Challenging the decisions of private certifiers — Cairo v City of Norwood Payneham & St Peters [2018] SAERDC 11

19 April 2018

Cairo v City of Norwood Payneham & St Peters [2018] SAERDC 11 (“Cairo”) is the third decision by the ERD Court to consider the authority of private certifiers under the Development Act 1993 (“the Act”) and a council’s ability to challenge their decisions.

Contradictory views have been expressed by a number of different experts on the impacts of this case on future challenges to the decisions of private certifiers.

Briefly, we are satisfied that Cairo does not prevent councils from refusing to issue development approval to privately-certified Residential Code applications where the council is concerned that the certifier has acted beyond power by granting consent to a proposed development which is not Code-complying.
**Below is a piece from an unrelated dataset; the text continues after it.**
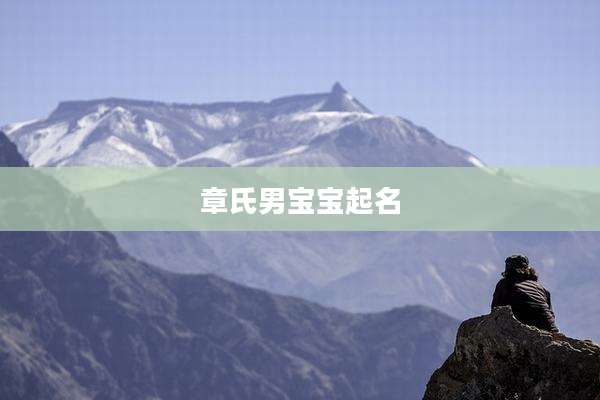 章氏男宝宝起名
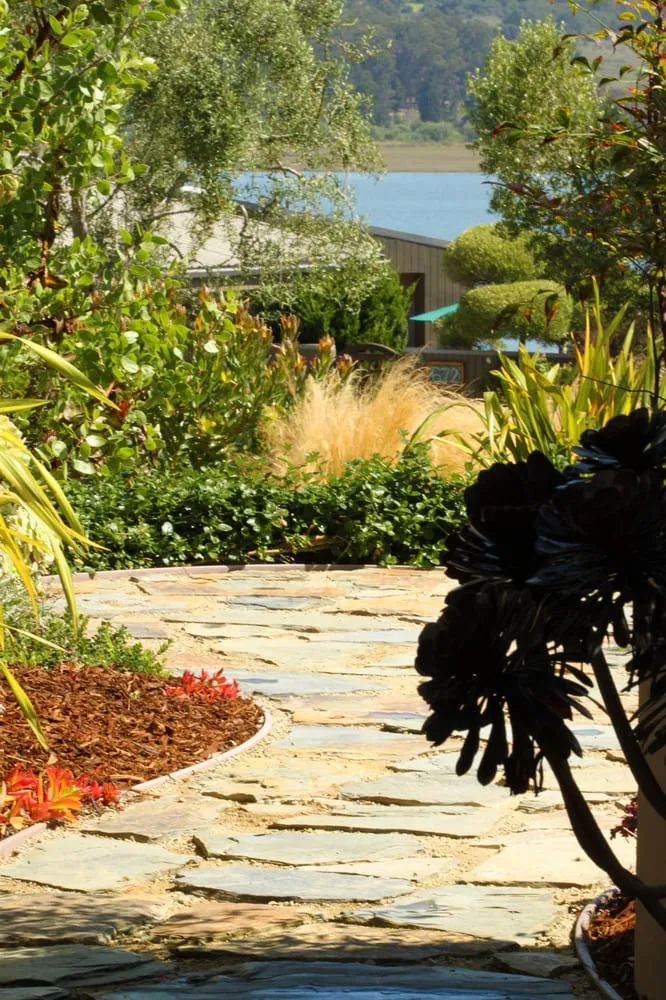 Trusted yard cleanup service for beautiful yards across Cayucos, CA - Coastal Landscapes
The reasoning behind our position is:

  • the ERD Court has delivered two judgments concerning challenges to the decisions of private certifiers prior to Cairo being Liu & Anor v City of Playford [2014] SAERDC 31 (click here for our Alert on this case) and Mundy v City of West Torrens [2016] SAERDC 30 (click here for our Alert on this case).
  • in Liu
    • the Council decided to not grant development approval to a proposed development which was granted Building Rules consent by a private certifier;
    • the proposed development was a merit form of development and Development Plan consent had, therefore, been granted by the Council;
    • the Council disagreed with the building classification assigned by the private certifier. The Council formed the view that the building classification was inconsistent with the nature of the development which had received Development Plan consent and that this was an inconsistency for the purposes of regulation 46 of the Development Regulations 2008;
    • the Council did not, therefore, issue development approval and it was this determination which was appealed to the ERD Court;
    • the ERD Court found that the purpose of regulation 46 was to ensure that approved plans are consistent. The Court determined that councils could not interfere with the decision of a private certifier to determine the classification of a building. Rather, if a council is satisfied that plans were consistent, development approval must be granted;
  • in Mundy:
    • the proposed development was Code-complying and both Development Plan consent and Building Rules consent had been granted by a private certifier;
    • the proposed development contained two departures from Code requirements which the Council asserted were not “minor”. The Council argued that the proposed development was not, therefore, Code-complying, that the private certifier had no legal ability to grant Development Plan consent and the consent was invalid – a nullity;
    • the Court agreed with the Council’s position and upheld it.
  • it must be noted that, since Mundy, regulation 8A of the Development Regulations 2008 has been amended to allow private certifiers to grant Development Plan consent to Code developments which propose more than 1 departure from the Code. However, these departures must still be “minor” in nature.
  • in Cairo:
    • the Council granted Development Plan consent to Code-complying semidetached dwellings. In granting that consent, the Council imposed a condition that restricted the use of the front room of each dwelling to a games/store room. This condition was accepted by the applicant;
    • the approved plans showed that the games/store rooms would be enclosed by bi-fold doors, which formed part of each dwelling’s façade;
    • the dwellings received full development approval and were constructed on site. During construction the bi-fold doors were replaced by panel lift doors. The panel lift doors, an amendment to the original development approval, was the subject of a privately-certified variation application;
    • when the Council received the privately-certified consents, it refused to issue development approval. The Council took the position that the decision by the private certifier was a nullity as the panel lift door changed the nature of the use of the games/store room to a garage and, therefore, the variation application was not Code-complying.
  •   in upholding the appeal, the ERD Court found:
    • the private certifier was able to treat the variation application as an alteration to an existing dwelling under section 35(1b) of the Act, as the dwellings had been erected on the subject land and were previously approved as Code-complying dwellings; and
    • the change from bi-fold doors to panel lift doors did not change the nature of the use of the rooms from games/store rooms to garages; and
    • the condition imposed by the Council and which was accepted by the applicant, would serve to prevent the use of the rooms as garages.
  • On our reading of Cairo, the ERD Court did not make any findings which exclude the ability of a council to refuse to grant development approval to privately-certified, Code complying developments where it has concerns regarding the fundamental validity of the consents granted.
  • Rather, this decision is very fact-specific such that it only carries weight in respect to Code-complying development applications which have similar facts regarding the use of rooms and conditions imposed on consents.